Василий Михайлович беспокойно заворочался, вздохнул тяжело… Та старая история вспоминалась ему часто, потому что погибший от его руки капитан Кольцов был, пожалуй, единственной «работой» Кораблева, за которую его мучила совесть… А что удивительного? Раньше, до высылки из Праги, Кораблев был государственным человеком, исполнявшим приказы в интересах Державы — той, какой она тогда была… Потом, когда его выбросили из «обоймы», словно негодный, давший осечку патрон — да, ему тоже приходилось убивать… Но кого? Людей, которые сами поставили себя за все грани человеческих законов, людей, которые нарушали даже правила теневого мира, в котором работал Вадим… Кольцов выпадал из этого ряда — он был честным офицером, пытавшимся выполнить свой профессиональный долг… Василий Михайлович не знал этого тогда, на вокзале — расклад прояснился позже, когда поправить уже ничего было нельзя… Хорошим человеком, видимо, был этот Кольцов — вон как Кудасов психанул, узнав Василия Михайловича на Свердловской набережной — даром, что больше десяти лет уже прошло… Кудасов…

Старик вспомнил колючий взгляд начальника 15-го отдела и грустно усмехнулся — странное дело, Василий Михайлович не испытывал никакой неприязни к Кудасову. Да и с чего было бы ей взяться? Таких, как этот Никита, называют «правильными ментами» — дело он свое знает туго, работает, опираясь на внутренний стержень, на спокойную уверенность в своей правоте. Сильный мужик — и разговаривать с ним Кораблеву было тяжело — может быть от того, что именно перед ним испытывал Василий Михайлович чувство вины — за ту давнюю историю на Варшавском вокзале… Кораблев вспомнил свой последний разговор с Кудасовым, который состоялся вечером — странный получился разговор… Никита сам говорил мало, больше слушал, смотрел внимательно на Василия Михайловича — и смотрел так, что старика аж до печенок пробирало. Когда-то в каком-то журнале Кораблев прочитал интервью с одним очень известным режиссером, где тот сказал странные, поразившие старика слова: только самый гениальный актер может сыграть взгляд настоящего бандита, настоящего священника и настоящего полицейского…

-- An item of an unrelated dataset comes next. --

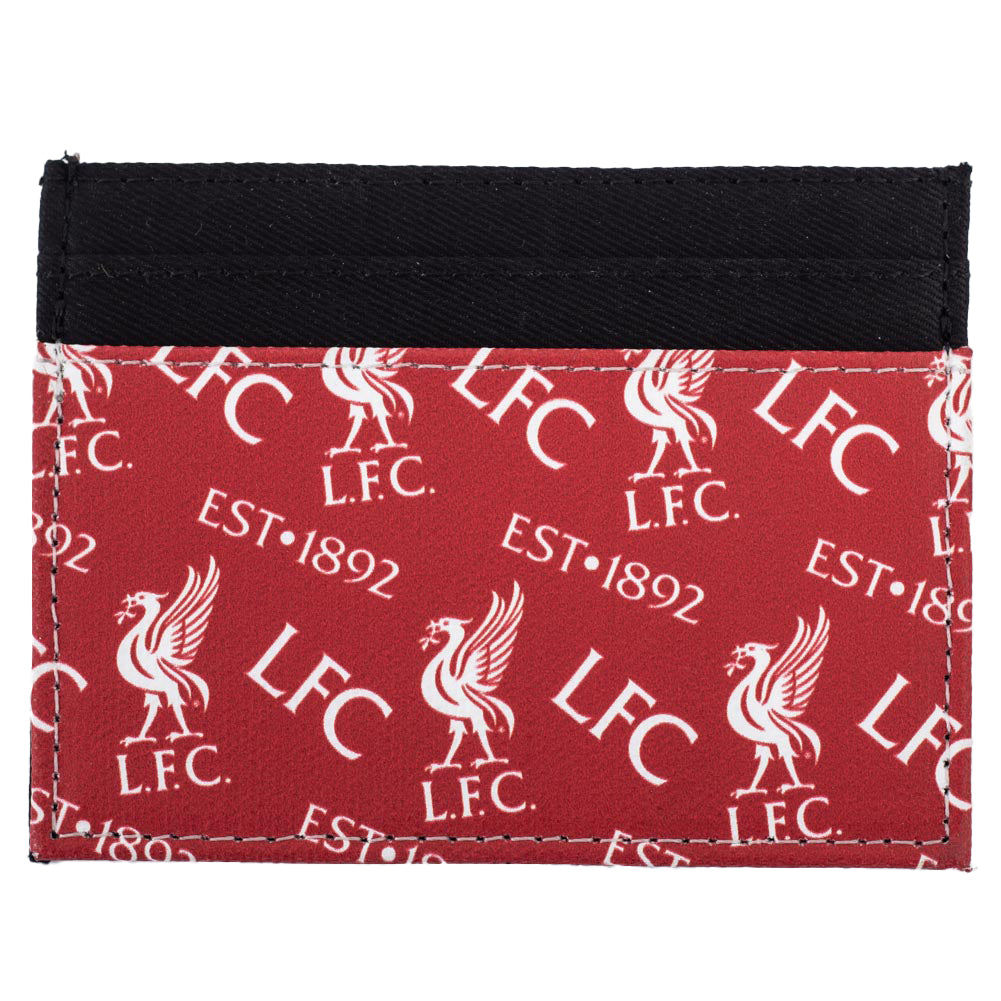  https://imageoffloads.taylorsmerchandise.com/wp-content/uploads/TM-06044-Liverpool-FC-Coloured-Icon-Holder-1.jpg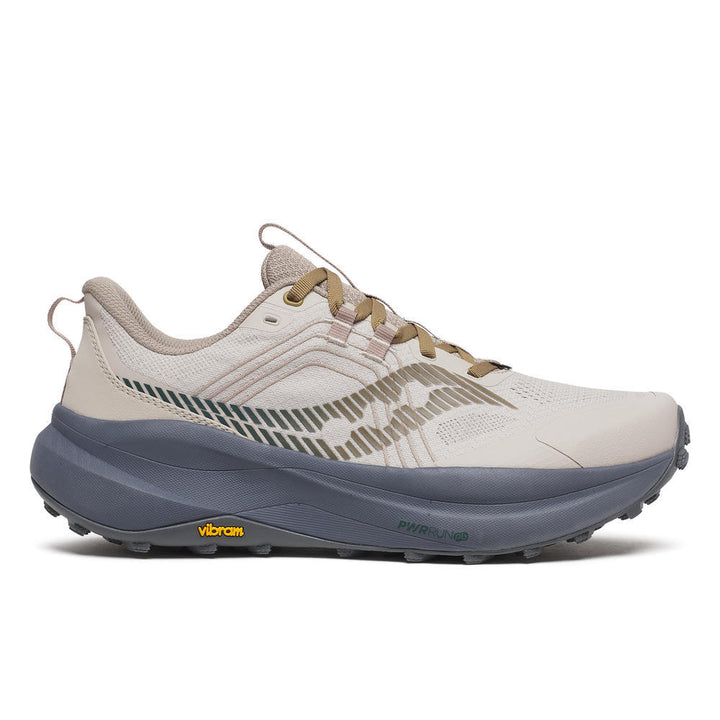 Saucony Men&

Вот и у Никиты этого был такой взгляд, что ему хотелось исповедоваться — а ведь он не сюсюкал со стариком, не искал его расположения, не панибратствовал с ним… Просто в глазах Кудасова было что-то настоящее, там бился какой-то живой нерв, камертонно реагировавший на фальшь и обман… Сильной энергетикой обладал Никита Никитич — настолько сильной, что Василий Михайлович в вечернем разговоре даже сам не заметил, как сболтнул кое-что лишнее о своей жизни… Пустяк какой-то сболтнул — нюанс, на который другой бы и внимание не обратил — а Кудасов, он вдруг посерьезнел, посмурнел глазами и очень тихо спросил: «Кто вы на самом деле, Василий Михайлович?…»

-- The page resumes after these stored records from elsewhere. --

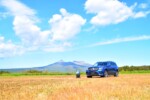 GLS 350 d 4MATIC Sports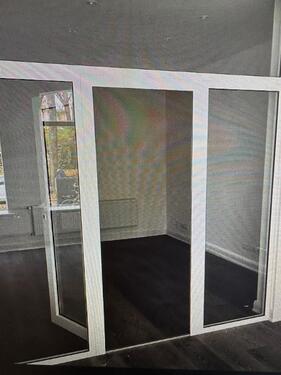 Foto - Untermieter Büro Kosmetikraum Raum Stuhlmiete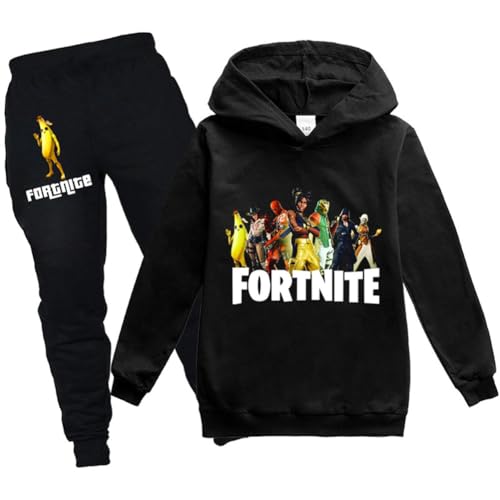 [pEtH[g] FORTiCg q ㉺Zbg  tH p[J[ Y{ W[W LbY 2_Zbg XEFbg j̎q ̎q lC Z핞 FB q  Ƒ ʋC K CXset26 (ubN,150)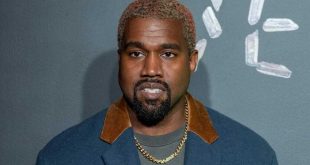Twitter reinstates Kanye West's profile after 7 month-long ban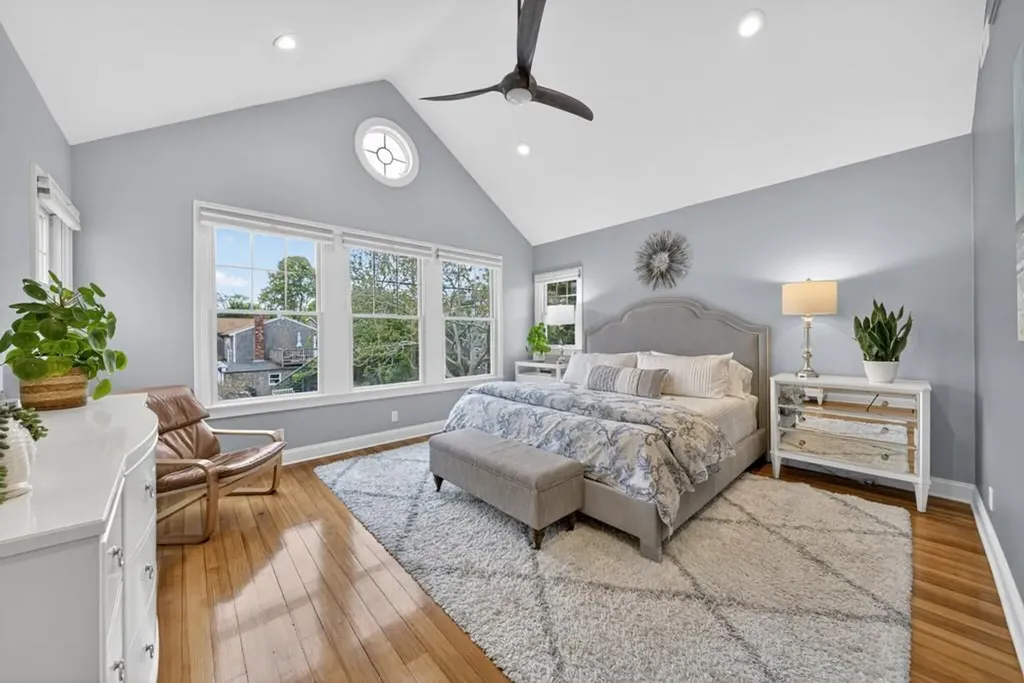 42 Windsor Street Jamestown RI 02835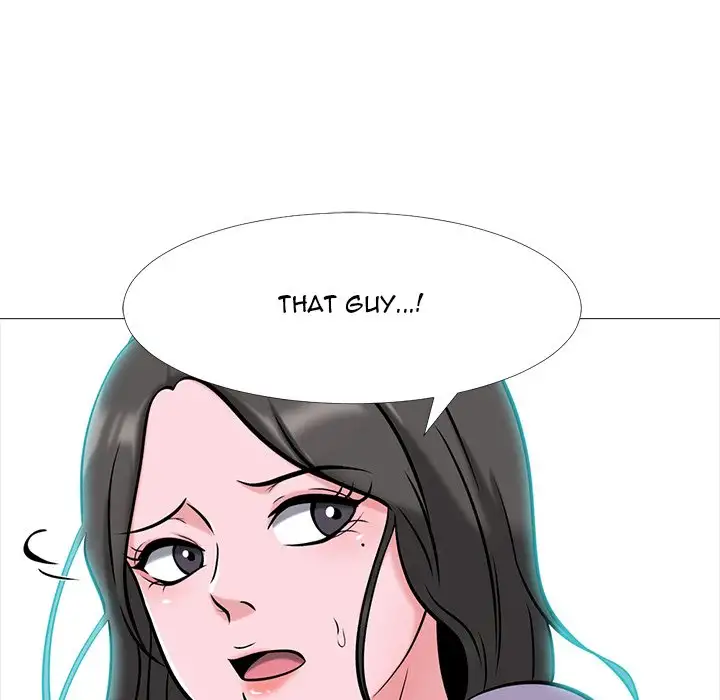 Extra Credit Chapter 13 Page 7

…Старик вдруг почти физически ощутил на себе тяжелый взгляд Кудасова — и не выдержал, встал тихо со шконки, подошел к раковине, смочил холодной водой виски… За ним словно наблюдали — дверь в «хату» вдруг открылась с тихим скрипом, и Василий Михайлович услышал негромкий голос дежурного милиционера:

— Кораблев, выйди…

Старик вздохнул, ссутулился на всякий случай и зашаркал к выходу — в коридоре его ждали дежурный в форме и какой-то плечистый плешивый крепыш в дорогом пиджаке, шелковой рубахе и лакированных штиблетах.

— Гости к тебе, — сказал дежурный, отворачиваясь от Василия Михайловича. — Ты переговори пока, а я через пару минут подойду…

«Вертухай» оглянулся и быстро ушел в дежурку — старик с крепышом остались одни посреди коридора. Лысый наклонился к Василию Михайловичу и забасил приглушенно:

— Ты, что ли, Кораблев?

— А что нужно? — пожал плечами старик.

Плешивый взял его за лацкан и легонько поддернул к себе:

— Слушай сюда, дед… Если жить хочешь — скажешь нам, кто тебя нанял, понял?

— Кому — вам? — оставаясь внешне спокойным, переспросил Кораблев.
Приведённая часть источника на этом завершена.